Thursday, February 7, 2008

The twist

Consider the Truth-Teller Paradox:

  1. This sentence is true.
You may not think this is a paradox at all. But ask yourself: is (1) true or false? No contradiction arises from either supposition, but it also should become plausible that there is no way of settling the question, and one may start to think that there just is no answer. We could stipulate a truth value, but stipulating a truth value will not give a meaning to the sentence. (I can stipulate that it is true that mimsy were the borogoves, but I have not thereby given the sentence meaning.) The sentence seems to, as it were, pull its content out of itself, and as such has no content. Now maybe you're not convinced by this—maybe you only feel a vague discomfort at (1). So now I apply the twist, by changing (1) slightly to something that is clearly paradoxical:
  1. This sentence is false.
That (2) is paradoxical is clear (it's true if and only if it is false). The twist that took us from (1) to (2) made clearer that there is something fishy about the kind of self-dependence that (1) involves.

This kind of twist can be found in other cases. One might be vaguely worried about the set of all sets that contain themselves, and then make the twist and get the clearly paradoxical set of all sets that do not contain themselves. Or one might be worried about the causal loops that time travel would permit, say one's getting the plans for the time machine from one's future self, and then after building the time machine going back in time to hand those plans to one's then-past self. There is something fishy about such a causal loop. So you give it a twist, and you turn it into a clearly paradoxical story about shooting your grandfather before his children are conceived. I think one can argue that in this same way, Thomson's Lamp Paradox is a twist on Zeno's Achilles Paradox, and the Grim Reaper Paradox is a twist on Zeno's Dichotomy.

I wonder if there is anything interesting and general one can say about the logical structure of the twist. (There may be something in the literature.) In particular, I am curious whether one can infer the impossibility of the untwisted situation from the impossibility of the twisted situation.

4 comments:

Heath White said...

I don't know if there's any general formula for doing this in all "twisted" cases, but you can say something about (1) and (2). Suppose you think (1) might have a meaning or truth value after all. Then consider:

(1) iff not not (1), so
(1) iff not (2).

But now suppose (1) is true. Then (2) is false, so (2) is true, so (1) is false. Mutatis mutandis for supposing (1) is false. Therefore, (1) is just as paradoxical as (2).

Alexander R Pruss said...

Heath,

Are you assuming that (2) is the negation of (1)? I am a bit confused.

Heath said...

Yes:

(1) This sentence is true.

Then not-(1), i.e.

It is not the case that this sentence is true

is just

(2) It is the case that this sentence is false.
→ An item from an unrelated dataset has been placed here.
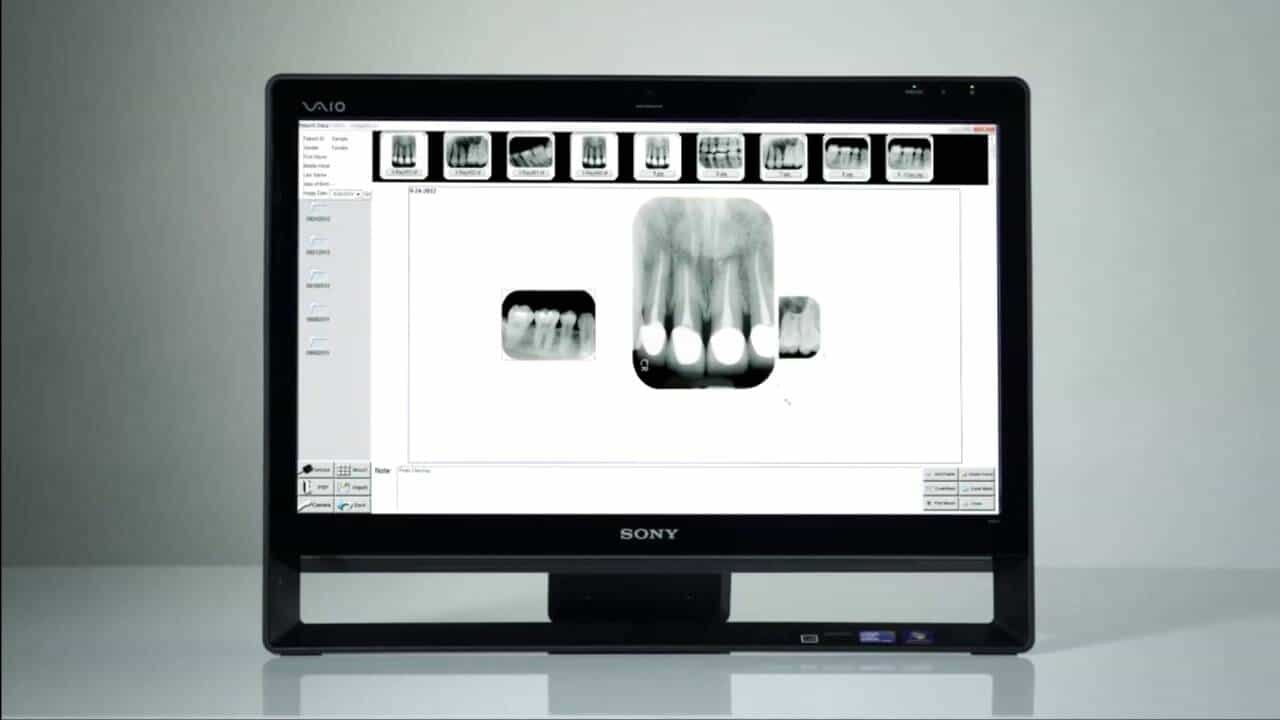 thumbnail image 2 of Scan-X Panoramic Phosphor Plate – 5x12cm – For Air Techniques Scanner (076783016996) 2 of 5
That inference assumes bivalence, but anyone who thought (1) had a meaning or truth value would be committed to that.

Alexander R Pruss said...

Heath:

I don't think so. Consider:

(1) This is the first displayed sentence in the comment.

What is the negation of (1)? By your suggestion, it should be:

(2) This is not the first displayed sentence in the comment.

But (2) is not the negation of (1). In fact, both (1) and (2) are true.